This past summer I had the privilege of being awarded a scholarship to attend a seven-day teacher institute with the Colonial Williamsburg Foundation. As a fifth grade teacher, I can say that this summer professional development truly transformed my Social Studies instruction this year.
For twenty years the Colonial Williamsburg Foundation has been working with their network of donors to be able to provide teachers with an all expense paid scholarship to attend their summer seminars. These seminars are not like any professional development I have ever done. We were immersed in 17th and 18th-century life through hands-on explorations such as:
- Experiencing the hard work of farming by working on the real working farms at Colonial Williamsburg
- Participating in the process of being a brick maker, including the difficult physical work of stomping to mix the brick raw materials
- Learning from several Native American tribes regarding the key tools and ways of life of some of the several hundred tribes that were in the Virginia Colony before Europeans came over and after
- Sitting on the three replica ships that came to settle the Jamestown colony and considering the sacrifices of those that traveled on those boats
- Participating and learning from six character interpreters who shared about their daily life, including George Washington’s perspective on this idea about revolting
- Considering on a daily basis the perspective of an assigned person and how Colonial life was experienced through their eyes
- Arguing for or against declaring independence in the replica legislative house where those such as Patrick Henry engaged in the same conversation years ago
- Getting to see and hold primary source documents such as original Virginia Gazette’s or casually walking by a copy of the Declaration of Independence at the John D. Rockefeller Library collections
The daily learning and collaboration with my fellow elementary colleagues transformed the way I teach and the multiple perspectives I bring in not only to my Social Studies instruction but also by connecting that to other content standards.

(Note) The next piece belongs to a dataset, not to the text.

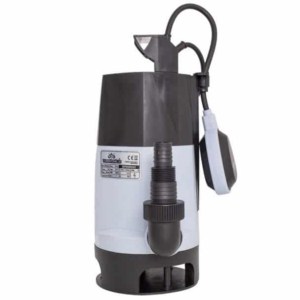 Pompa submersibila WASSERKONIG SPMD9242 950 W debit 242 l/min refulare 8,5 m 11 Pompa submersibila din plastic Wasserkonig SPMD9242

Colonial Williamsburg offers not only elementary but also middle and high school programs as well as shorter programs tailored to specific content areas such as African Americans in 18th Century Virginia, Women in Colonial life, or Apprenticeships, STEM, and Colonial Daily Life. Scholarships are available for all programs.
The end of the first semester often brings a time of rest and renewal, I hope each one of you has time to be able to do that with family and friends. If you find yourself interested in taking advantage of this program, then perhaps you could take a little of that rest and renewal time to apply for a scholarship, you have until the middle of January to do so.
Have you ever considered traveling and taking part in hands-on professional development to grow your practice? There are numerous programs available for all types of teachers. Let me know below…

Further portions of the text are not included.